Burnout – Bericht an meinen Psychiater

Erstellt von Bodo am 19. Juni 2007 – 14:58 -

Ein Forumsbeitrag aus der Schweiz:

Ausgangslage: Ich bin seit Anfangs Januar 2007 wegen “Burnout” krankgeschrieben, habe über Jahrzehnte zuviel gearbeitet -ich war ein Workoholic. Nun liegt mein Nervensystem blank. Darüber hinaus denke ich, dass ich schon immer neurotisch bis leicht psychotisch war, hatte früher schon Depresseionen, die ich mit Körperübungen und Bioenergetik aber glaubte, kuriert zu haben. Ich habe als Projektleiterin im Sozialbereich gearbeitet und daneben Tanz studiert und unterdessen bin ich auch viel aufgetreten und habe jahrzehntelang Tanzunterricht gegeben nebst meinem Job. Ich habe keine Familie und wohne in Basel, bin 48 Jahre alt. . Dies ist ein kleiner Text, den ich Anfangs Mai 07 meinem Psychiater geschickt habe – ein Versuch, mein körperliches Empfinden darzustellen. Mittlerweile habe ich weiteres Schlimme durchgemacht aber auch viel Schönes erlebt. Hier mal mein Bericht vom 9. Mai.:

Vergangene Woche habe ich zufällig eine Sendung auf irgend einem deutschen TV-Sender gesehen, einen Dokumentarfilm über deutsche Soldaten im Friedenseinsatz in Afghanistan und im Kosovo, die mit einem PTBS nach Hause kamen respektive es viel später zurück in der Heimat ausgebrochen ist.

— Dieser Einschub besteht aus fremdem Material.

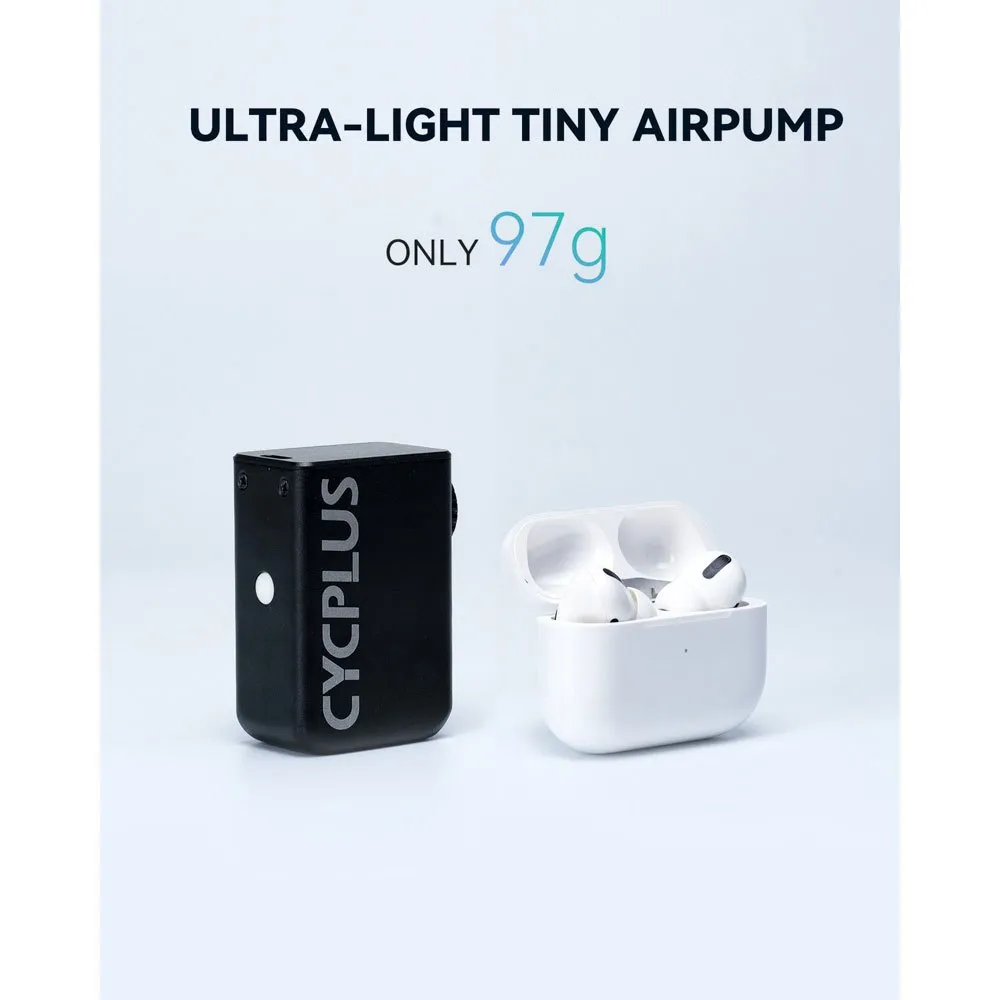 Cycplus As2 Cube Kompressor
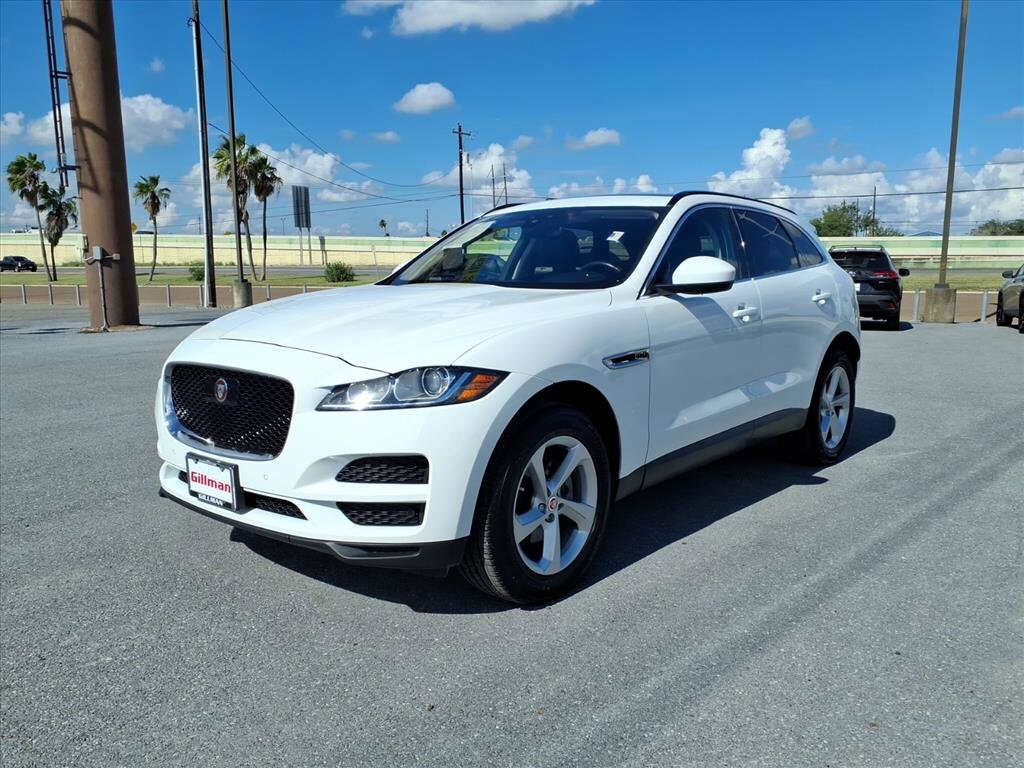 2019 Jaguar F-PACE Premium photo 4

Als ich diese Sendung anschaute, ging es bei mir los. Ich fing an, am ganzen Körper zu zittern, ich fühlte mich wie aus Glas, ich klirrte. Aus milchigem Glas, ganz entfernt von mir selber. Das Herz begann zu rasen und zu flimmern, ich schwitzte, meine Nackenmuskeln und viele andere krampften sich zusammen, nur durch die kürzlich im KIS (psychiatrischer Notfalldienst des Unispitals Basel) gelernten Uebungen der progressiven Muskelentspannung konnte ich meinen Körper einigermassen in Schach halten. Mein Fernseh-Gerät steht momentan im Schlafzimmer, so war ich schon mal im Bett und das war gut. Ich fing aber immer stärker an zu schlottern, vor allem in den Kiefergelenken. Diverse Nerven an Armen, Beinen und im Gesicht zuckten. Ich musste und wollte aber die Sendung zu Ende schauen.

Von diesem Tag an spürte ich immer ganz bewusst, wenn mich etwas stresst. Es war wie eine Offenbarung (zwar eine beschissene, aber imerhin). Ich musste ausnahmsweise ein Xanax nehmen zum Einschlafen, was ich sonst nie mehr musste und ich in den letzten Tagen zuvor den Umständen entsprechend gut hatte schlafen können, auch ohne Xanax.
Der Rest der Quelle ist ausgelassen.